We asked a series of questions to assess whether men were HIV positive. Men were asked the following questions in the reported order: 1. whether they had ever been tested for HIV; 2. whether the last time they got tested they found out the results; and 3. whether they had ever been told, or had reason to believe, that they have HIV or AIDS. We coded as HIV positive those men that answered yes to all three questions. In other words, to be coded as HIV positive the men had to have been tested, found out the results and hence still have reason to believe to be HIV positive or have AIDS. We also defined a less restrictive measure of self-reported HIV seropositivity, where every man who had reason to believe that he was HIV-positive, independent of whether he had ever been tested or had found out the test’s result, was coded as HIV positive.

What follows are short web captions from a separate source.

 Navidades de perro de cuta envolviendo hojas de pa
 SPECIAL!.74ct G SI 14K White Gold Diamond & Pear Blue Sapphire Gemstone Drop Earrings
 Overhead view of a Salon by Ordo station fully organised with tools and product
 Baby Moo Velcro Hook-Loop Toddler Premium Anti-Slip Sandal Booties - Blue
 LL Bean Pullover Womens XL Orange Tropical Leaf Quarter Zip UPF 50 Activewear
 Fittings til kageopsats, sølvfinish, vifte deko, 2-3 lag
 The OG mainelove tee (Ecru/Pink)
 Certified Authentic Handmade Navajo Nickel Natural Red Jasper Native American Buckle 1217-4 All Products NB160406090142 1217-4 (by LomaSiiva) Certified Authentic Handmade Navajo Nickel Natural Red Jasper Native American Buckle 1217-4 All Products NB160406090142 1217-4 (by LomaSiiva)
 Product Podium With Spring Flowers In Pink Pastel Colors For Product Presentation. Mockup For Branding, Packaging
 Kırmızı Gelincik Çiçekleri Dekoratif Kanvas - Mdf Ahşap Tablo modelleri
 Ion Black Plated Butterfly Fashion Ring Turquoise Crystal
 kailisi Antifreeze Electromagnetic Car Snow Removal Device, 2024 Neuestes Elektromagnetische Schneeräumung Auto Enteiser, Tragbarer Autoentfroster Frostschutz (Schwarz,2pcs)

2.2.2 Independent variables

In the PS and regression models we included the following variables: age, race/ethnicity, education (less than high school, high school or equivalent, or more than high school) and whether the men had any children. We also included whether the homeless men had ever served in the military, the total months in their lifetime that they had experienced homelessness, and how they would describe their sexual orientation (heterosexual (straight): yes or no).

2.2.3 Outcome variables

In this study we were interested in several outcomes. We briefly describe below how these variables are defined.

Sexual risk behavior

It was measured for the prior six months, and included the total number of sex partners, the proportion of total partners who were ‘casual’ (vs. primary), and having traded sex for money or goods (Kennedy et al. 2010; Wenzel 2009). Respondents reported the total number of sex events in the prior six months, and the total number of events where a condom was used; a single measure of unprotected sex was created to indicate any reported sex event where a condom was not used.

Drug and alcohol use

Use of drugs during the past 6 months was assessed using separate questions for marijuana, crack, cocaine, prescription drugs, heroin, methamphetamine and ‘other’ substances. For each substance, the men were asked: “During the past six months, how often did you use <substance> (0 ‘not at all’ to 9 ‘every day’)?” An indicator was created for any use of ‘hard drugs’ (defined as heroin, crack, cocaine, methamphetamine, or hallucinogens), as well as individual indicators of any marijuana use and any misuse of prescription medication (defined as use of prescription medications “without a doctor’s prescription, in larger amounts than prescribed, or for a longer period than prescribed”). Men were also asked how often they had a drink containing alcohol in the past 12 months (0: ‘never/no drinking’ to 5: ‘6+ times per week’), and a dichotomous measure was created indicating drinking, on average, 2-3 times per week or more (vs. less) over the past year. All substance use items have been previously vetted with a population of homeless women (Wenzel et al. 2009).

Service utilization

Men were asked about their use of alcohol or drug counseling, mental health counseling, legal assistance and medical or dental care service use during the past 30 days in the Central City East area (Tucker et al. 2011). Indicators were created for each type of service utilization. Men were also asked whether they currently had a regular place to stay.

2.3 Analytical procedures

2.3.1 The statistical problem

Our aim is to understand the differences between those reporting being HIV positive and those not reporting being HIV positive. However, the two groups differ on numerous features. For example, 51 percent of HIV positive subjects served in the military compared with 16 percent among those not HIV positive. Therefore, if we find a difference by HIV status we will be unsure as to whether the difference is due to HIV status or military status. We also found large differences in other subject features such as the race distribution, age, and education further clouding the comparison.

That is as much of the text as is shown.